Ein Drittel der Pkw-Fahrer hält Lkw-Lenker für "zunehmend aggressiv". Fast die Hälfte lastet Staus und Unfälle den Lkw an. Das ergibt eine neue Studie zum Thema Der gegenseitige Umgang im Verkehr von Pkw und Lkw, in Auftrag gegeben vom ADAC und von dem Bundesverband Güterkraftverkehr, Logistik und Entsorgung (BGL). Besorgniserregende Ergebnisse! Dabei wurde eine entscheidende Frage den Pkw-Fahrern noch nicht einmal gestellt: Was halten Sie von kilometerlangen Überholvorgängen zwischen Lkw, auch "Elefantenrennen" genannt? Die Antworten wären vorhersehbar - 33 Prozent: "Schweinerei!" 33 Prozent: "Polizei!!!" Und 33 Prozent "Idioten!"

Solche Ausbrüche mögen verständlich sein. Doch sie vergiften das Klima auf unseren Straßen und machen die Autofahrer blind. Denn Elefantenrennen sind ein wichtiger und integraler Bestandteil des Verkehrsgeschehens und dienen der Verkehrssicherheit, der Unterhaltung und der Geistesbildung.

So lehrt uns die neuere Stauforschung, dass ein Stau eine Art Selbstheilungsmechanismus des Straßenverkehrs ist. Ein kleines Innehalten im zähflüssigen, hoch störanfälligen Rückreiseverkehr - und schon geht es frisch und flott wieder weiter! Der plötzlich und rabiat ausscherende 40-Tonner produziert binnen Minuten einen beachtlichen Rückstau, der sich absehbar nach fünf bis zehn Minuten wieder auflöst. In dieser Zeit entsteht vor dem Staumacher ein schönes Stück herrlich freier Autobahn, eine kleine Erinnerung an die Zeiten vor 1960.

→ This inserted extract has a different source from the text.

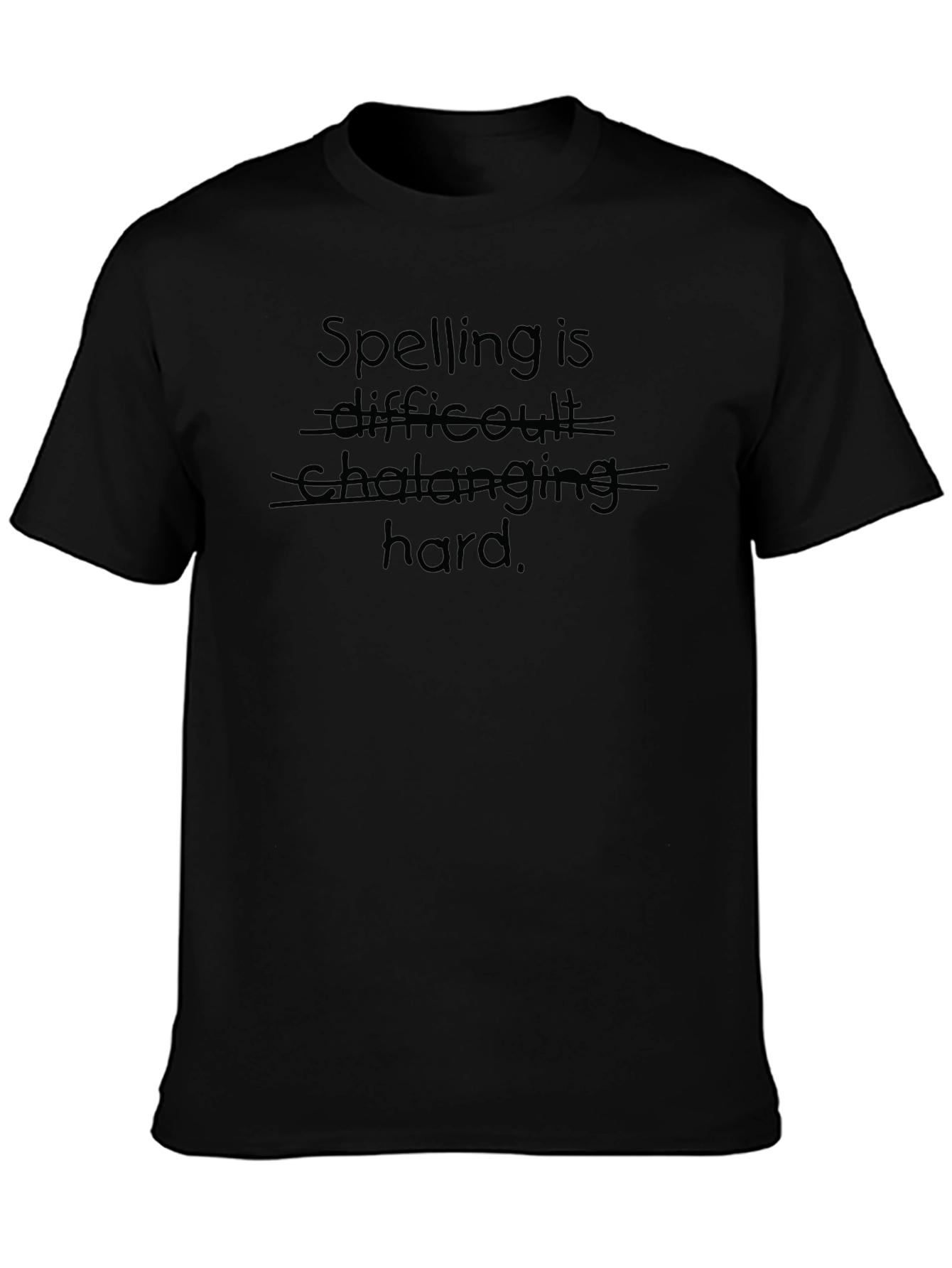 Funny Spelling Hard T-Shirt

Unmittelbarer psychischer Gewinn erwächst dem Pkw-Fahrer aus dem plötzlichen Erlebnis der Differenz. Endlose Autobahnkilometer ist er dösend mitgerollt. Plötzlich sind seine Hochleistungsbremsen gefordert. Und wenig später darf er dem Mitverkehr demonstrieren, wofür er 200 000 Euro ausgegeben hat: 250 PS! Welches Drama, welch krank machende Schande, wenn die Autos immer stärker werden und der Verkehr immer zähflüssiger! Und welche Chance, wenn ein Elefantenrennen das stupide Einerlei schlagartig beendet!

Von Familienmenschen weiß man längst, dass sie die eigentlichen Stauprofiteure sind. Würstchen auspacken, Eier pellen, selbst kleine Ballspiele machen Fahrtunterbrechungen zu willkommenen Pausen. Während des Elefantenrennens können sich die Eltern um Sauberkeit auf den Rücksitzen kümmern oder Gewinnspiele anregen. Zum Beispiel: Welcher der beiden Elefanten gewinnt? Rollenspiele sind ein weiterer Hit. Ich bin der überholte, du der überholende Trucker. Komm nur, Holländer, dir zeig ich's! - Volvo, Schwedenschrott! - Hat der eigentlich keinen Geschwindigkeitsbegrenzer? - Ha, das Weichei geht in die Knie! Kann man das Miteinander im Straßenverkehr besser einüben? Indem man den Lastwagenfahrer als eigenwilliges Individuum mit Macken und Schwächen erlebt statt als gesichtslosen Lenker eines monströsen Kolonnenfahrzeugs?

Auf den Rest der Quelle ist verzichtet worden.